Solid Waste Management
(Conservation Currents, Northern Virginia Soil and Water Conservation District)
Fairfax County has developed a new solid waste management plan at the behest of the Virginia Department of Environmental Quality. The plan is an integrated community strategy for dealing with trash and recycling for the next 20 years. It must address all aspects of solid waste, even those not directly handled by county staff.
Most trash and recyclables in the county are collected by private haulers. About 13% is collected by county crews. Most of the trash passes through the I-66 Transfer Station where smaller truck loads are consolidated into tractor trailer loads that are transported to the waste-to-energy (WTE) facility at the I-95 Landfill complex. At the WTE, the waste is burned and used to generate electricity—enough to serve 70,000 homes annually.
Recyclables are collected curbside or at drop-off centers and transported to a materials recovery facility. There the materials are sorted and shipped to the markets where they are sold. Buying recycled materials helps develop the markets for additional materials to be recycled.

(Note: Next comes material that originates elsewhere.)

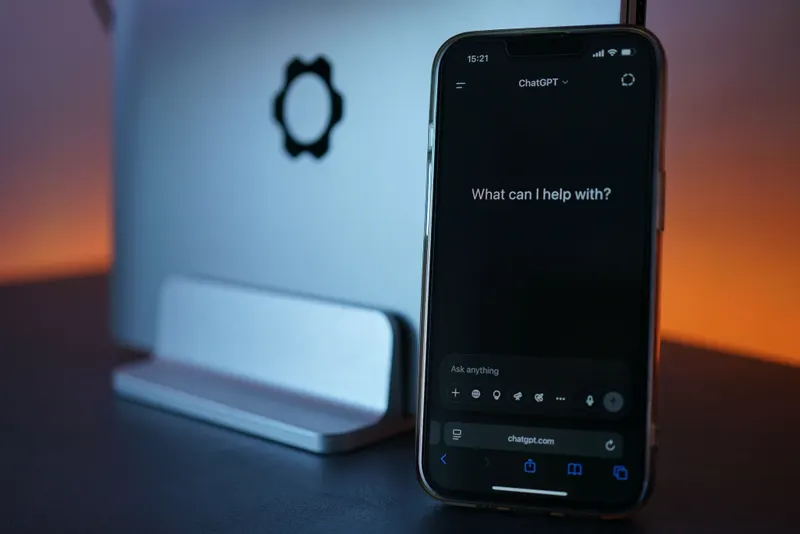 Smartphone und Laptop nebeneinander – App oder Browser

Solid waste materials are disposed in many different ways. Household hazardous waste, including oil-based paint, antifreeze and used oil, is collected and sent to a licensed facility to be reused, combusted, or disposed. Most construction and remodeling waste goes to special landfills designed for these types of materials. Most of these are privately owned and operated. Yard waste is collected curbside and in many instances taken to the I-66 Transfer Station where it is consolidated into larger trucks and shipped to a private composting facility or a county grinding facility. Mulch made at the county grinding facility is available to the public for pickup at no cost.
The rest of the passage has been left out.